**MATERIAL PROVIDED:**

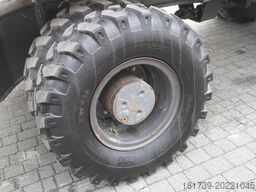 Case WX218 / 23t wheeled excavator /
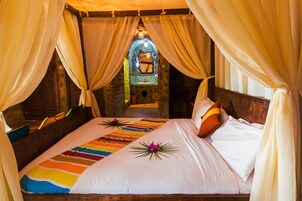 Minibar, caja de seguridad en la habitación, escritorio y wifi gratis 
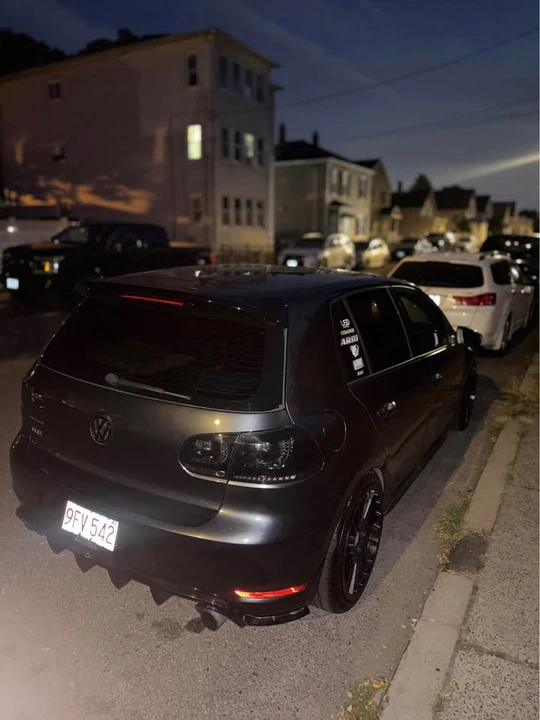 2011 Volkswagen GTI Mk6 - Image 3 of 6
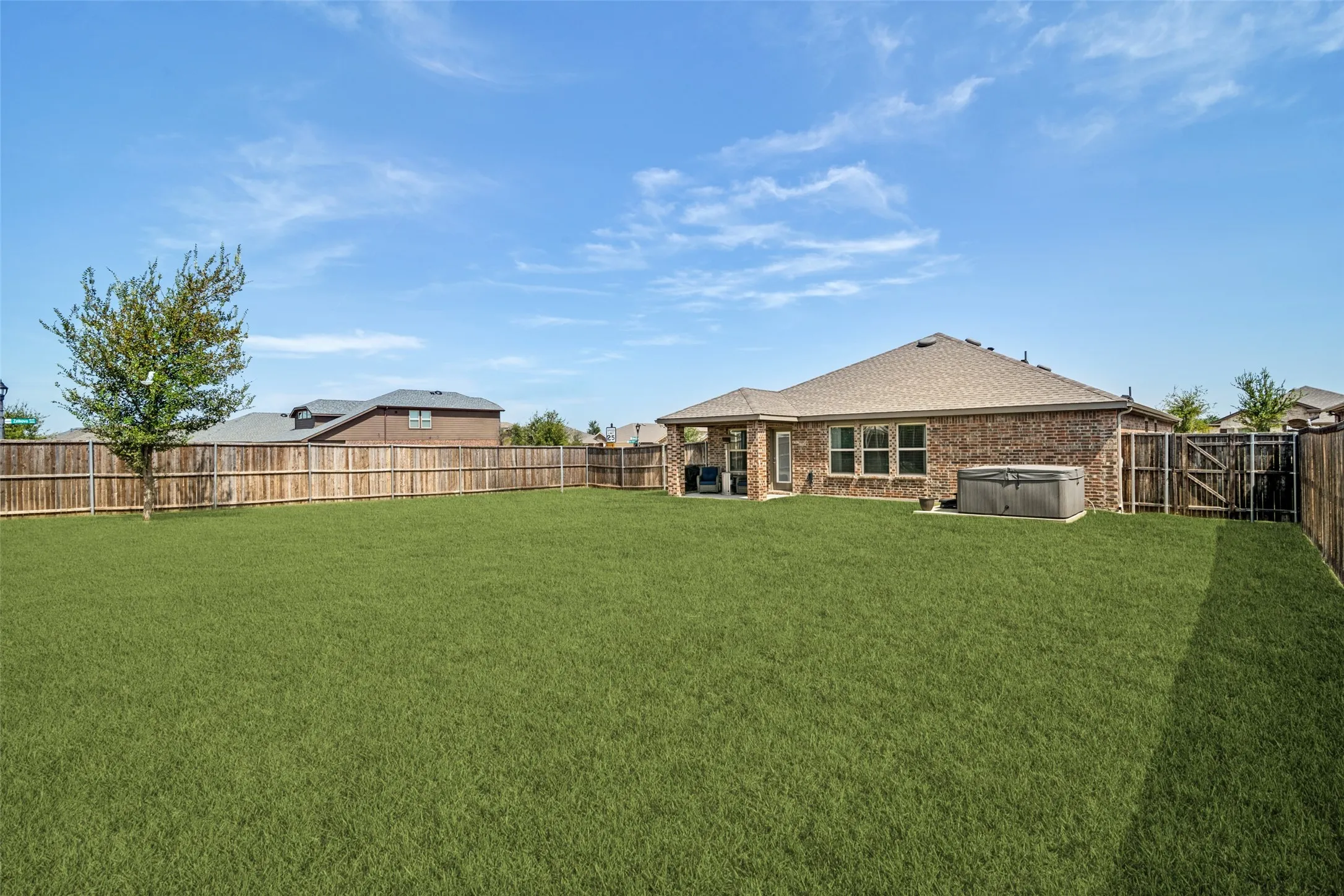 Single Family Residence For Sale in Collin County , 917 Crepe Myrtle Lane, Anna, Texas 75409, 3 Bedroom, 2 Bathroom, 2 Garage spaces, 1,718 Sqft, built in 2022, mls#21345263, Real Estate Agent in Anna, Homes For Sale in Collin county, Homes For Sale in Anna, Realtor in Anna Texas, Real Estate Brokerage Independent Realty Texas, Luminita Cordes Realtor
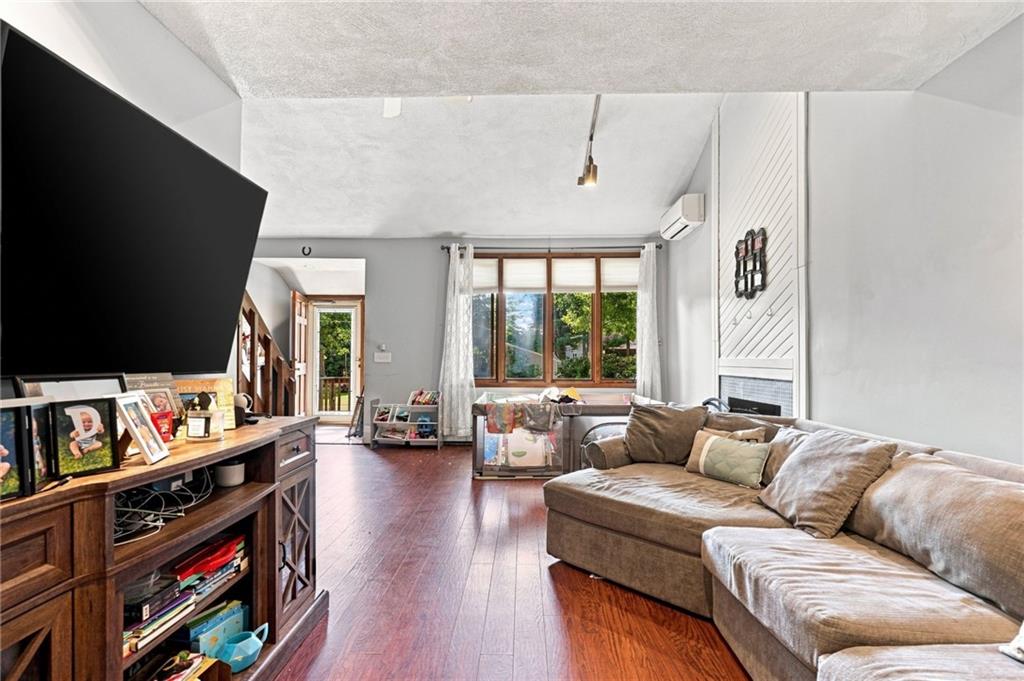 9 Eastgate Drive Property Photo 6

**WHAT IS BEING ASKED:** Please reproduce the entries from above exactly; images are not part of the copy.

**RESULT:**
 Case WX218 / 23t wheeled excavator /
 Minibar, caja de seguridad en la habitación, escritorio y wifi gratis 
 2011 Volkswagen GTI Mk6 - Image 3 of 6
 Single Family Residence For Sale in Collin County , 917 Crepe Myrtle Lane, Anna, Texas 75409, 3 Bedroom, 2 Bathroom, 2 Garage spaces, 1,718 Sqft, built in 2022, mls#21345263, Real Estate Agent in Anna, Homes For Sale in Collin county, Homes For Sale in Anna, Realtor in Anna Texas, Real Estate Brokerage Independent Realty Texas, Luminita Cordes Realtor
 9 Eastgate Drive Property Photo 6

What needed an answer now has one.